Son bir yıla bakında aslında Bakan Zeybekçi haklı, ama biz bir de son bir ayın verilerine bakalım dedik;
15 Mart – 15 Nisan 2015 döneminde bu para birimlerinin Dolar karşısındaki durumuna bakınca gördük ki, bu dönemde TL %2,5 değer yitirirken, Avro %1,7 değer kazanmış. Sterlin %0,6 değer kazanırken, İsviçre Frankı %4,1 değer kazanmış Dolar karşısında, hatta Dolar’dan daha değerli bir hale gelmiş. Yani dememiz o ki, Dolar karşısında herkes değer kaybederken, TL daha çok kaybediyor. Özellikle son dönemde kaybı büyük. Tüm bu sebeplerle Bakan Nihat Zeybekçi’nin iddiasında büyük oranda Doğruluk Payı yok.
5. Ahmet Davutoğlu: “2008’den bu yana -dünyada her yerde istihdam düşüşü yaşanırken, işsizlik artarken- 6 milyon yeni iş alanı oluşturduk”
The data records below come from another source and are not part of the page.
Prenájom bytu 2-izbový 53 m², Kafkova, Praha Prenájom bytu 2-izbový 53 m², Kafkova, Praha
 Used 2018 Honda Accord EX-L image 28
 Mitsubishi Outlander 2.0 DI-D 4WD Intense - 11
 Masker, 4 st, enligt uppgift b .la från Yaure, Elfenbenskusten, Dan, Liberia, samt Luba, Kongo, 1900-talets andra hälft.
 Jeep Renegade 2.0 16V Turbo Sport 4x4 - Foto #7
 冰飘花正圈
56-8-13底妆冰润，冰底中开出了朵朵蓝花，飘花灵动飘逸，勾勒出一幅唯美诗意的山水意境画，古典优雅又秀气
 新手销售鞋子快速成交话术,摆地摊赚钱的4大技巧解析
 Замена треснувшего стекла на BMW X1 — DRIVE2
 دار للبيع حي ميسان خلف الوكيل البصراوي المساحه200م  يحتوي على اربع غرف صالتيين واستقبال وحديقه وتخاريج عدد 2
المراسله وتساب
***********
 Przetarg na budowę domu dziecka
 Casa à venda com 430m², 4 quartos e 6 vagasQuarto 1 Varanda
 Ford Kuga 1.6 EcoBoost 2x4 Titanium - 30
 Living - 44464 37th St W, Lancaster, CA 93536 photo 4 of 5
Başbakan ile başladık, Başbakan ile bitirelim. Seviyor ekonomik durumumuzu övmeyi, durduramıyoruz. Bu kez de istihdam ile ilgili konuşmuş ve 2008’den bu yana 6 milyon yeni istihdam yarattık demiş, hem de dünyanın geri kalanında işsizlik artarken. Bakalım, bakalım…
Malum, 2008-2009 yılları tüm dünyada ciddi bir ekonomik kriz dönemiydi. Bu dönemde gelişmiş ekonomiler %3,5 oranında küçüldüler. Türkiye de 2009 yılında %4,8 oranında bir küçülme yaşadı ekonomisinde. Dolayısı ile bu durgunluk, hatta kriz, istihdam verilerine de yansıdı.
Hemen söyleyelim, OECD ve TÜİK verilerine göre Türkiye 2008’den bu yana 4,7 milyon istihdam yarattı. İddia edildiği gibi 6 milyonluk bir durum yok yani ortada. Bu dönemde istihdam oranındaki artış da %4 olmuş. Hani tüm dünya bu konuda gerilerken, biz ilerliyorduk ya; aynı dönemde OECD ülkelerinden Şili ve İsrail bizden daha fazla istihdam oranı artışı yakalamışlar. Şili %5’i bulurken, İsrail daha da ileri gidip %8’lik bir istihdam artış oranı yakalamış.
Bu veriler ışığında diyoruz ki Başbakan Ahmet Davutoğlu’nun bu iddiasında da Doğruluk Payı yok.